Here are some of the highlights…

Adopted for C++26: Core language changes/features

The core language adopted 11 papers, including the following. Taking them in paper number order, which is roughly the order in which work started on the paper…

P2169 “A nice placeholder with no name” by Corentin Jabot and Michael Park officially adds support for the _ wildcard in C++26. Thanks to the authors for all their research and evidence for how it could be done in a backward-compatible way! Here are some examples that will now be legal as compilers start to support draft-C++26 syntax:

std::lock_guard _(mutex);

auto [x, y, _] = f();

inspect(foo) { _ => bar; };

Some compiler needs to implement -Wunderbar.

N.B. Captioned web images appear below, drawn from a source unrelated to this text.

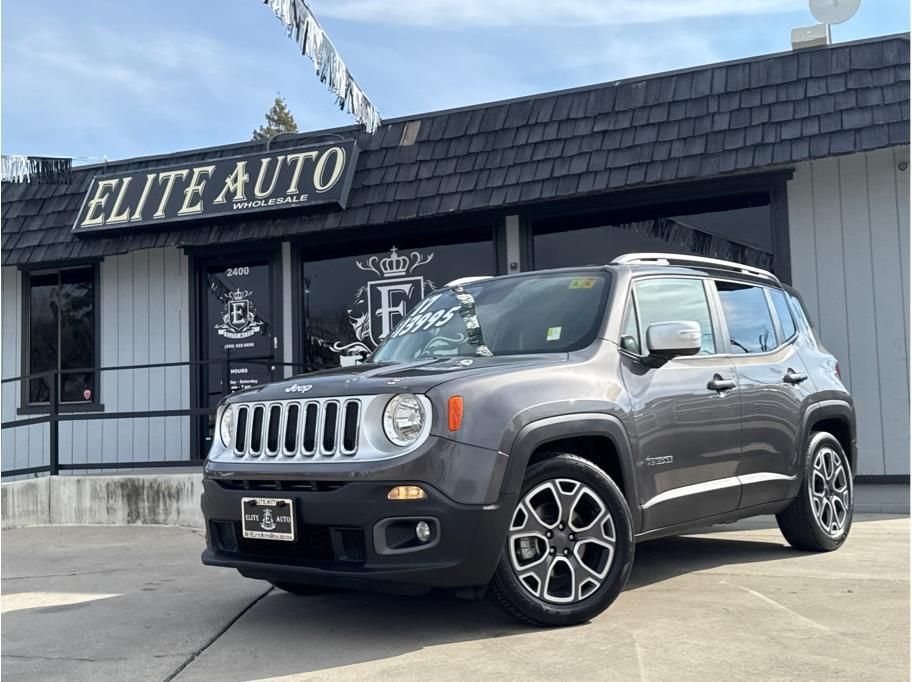 2017 Jeep Renegade
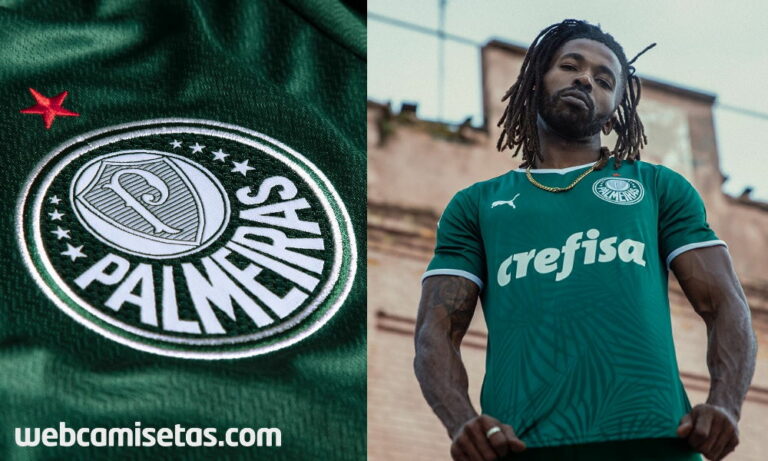 Camiseta Palmeiras Brasil 2022
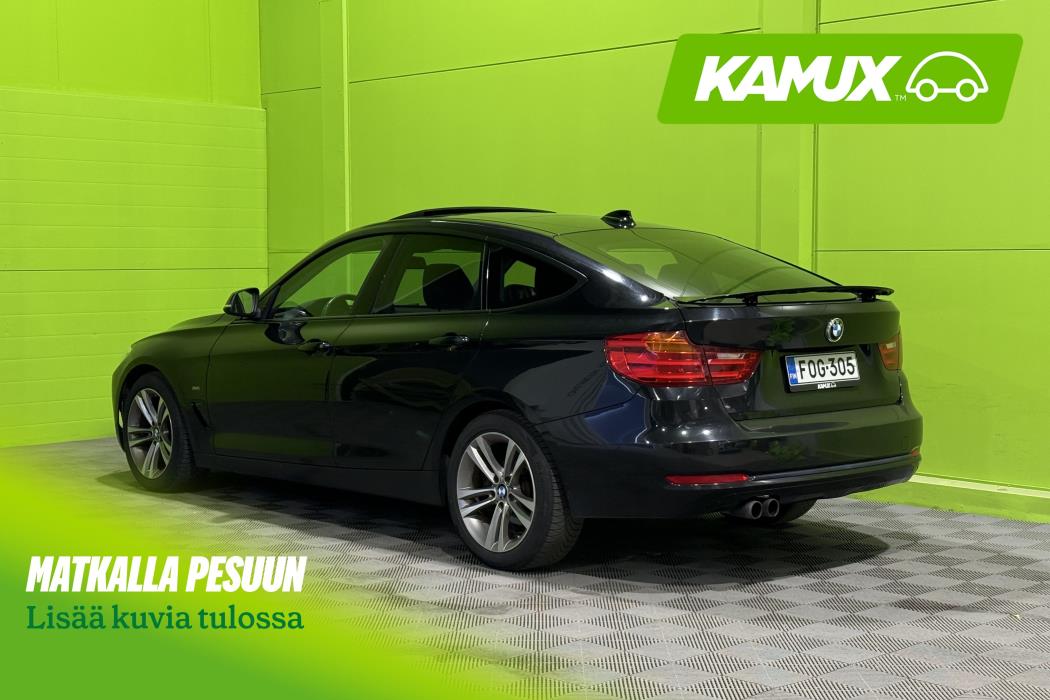 BMW 320 Gran Turismo 2015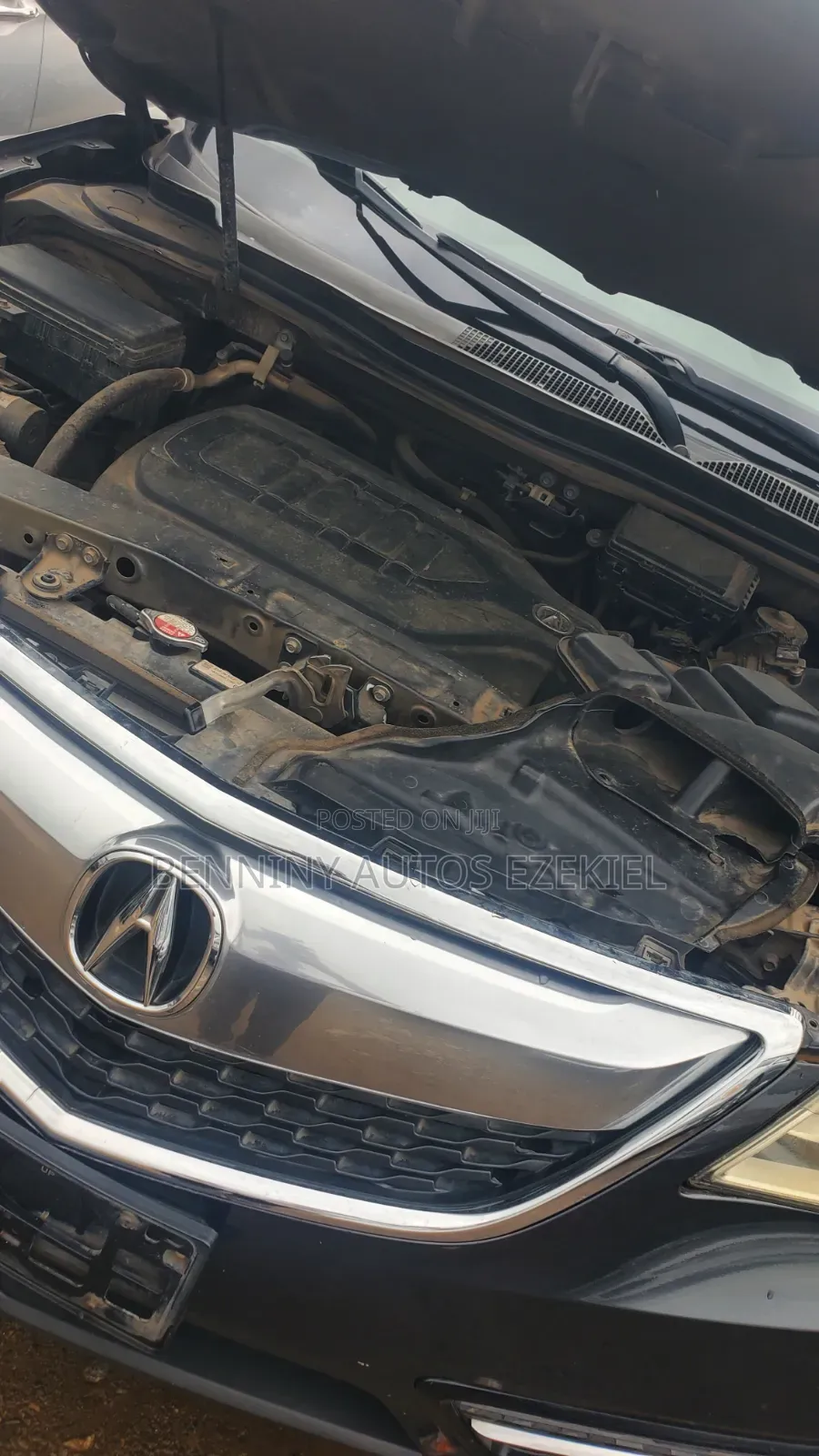 Acura MDX 2016 Gray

The palindromic P2552 “On the ignorability of standard attributes” by Timur Doumler sets forth the Three Laws of Robotics… er, I mean, the Three Rules of Ignorability for standard attributes. The Three Rules are a language design guideline for all current and future standard attributes going forward… see the paper for the full rules, but my informal summary is:

  • [Already in C++23] Rule 1. Standard attributes must be parseable (i.e., can’t just contain random nonsense).
  • [Already in C++23] Rule 2. Removing a standard attribute can’t change the program’s meaning: It can reduce the program’s possible legal behaviors, but it can’t invent new behaviors.
  • [New] Rule 3. Feature test macros shouldn’t pretend to support an attribute unless the implementation actually implements the attribute’s optional semantics (i.e., doesn’t just parse it but then ignore it).

P2558 “Add @, $, and ` to the basic character set” by Steve Downey is not a paper whose name was redacted for cussing; it’s a language extension paper that follows in C’s footsteps, and allows these characters to be used in valid C++ programs, and possibly in future C++ language evolution.

P2621 “UB? In my lexer?” by Corentin Jabot removes the possibility that just tokenizing C++ code can be a source of undefined behavior in a C++ compiler itself. (Did you know it could be UB? Now it can’t.) Note however that this does not remove all possible UB during compilation; future papers may address more of those compile-time UB sources.

P2738 “constexpr cast from void*: towards constexpr type-erasure” by Corentin Jabot and David Ledger takes another step toward powerful compile-time libraries, including enabling std::format to potentially support constexpr compile-time string formatting. Speaking of which…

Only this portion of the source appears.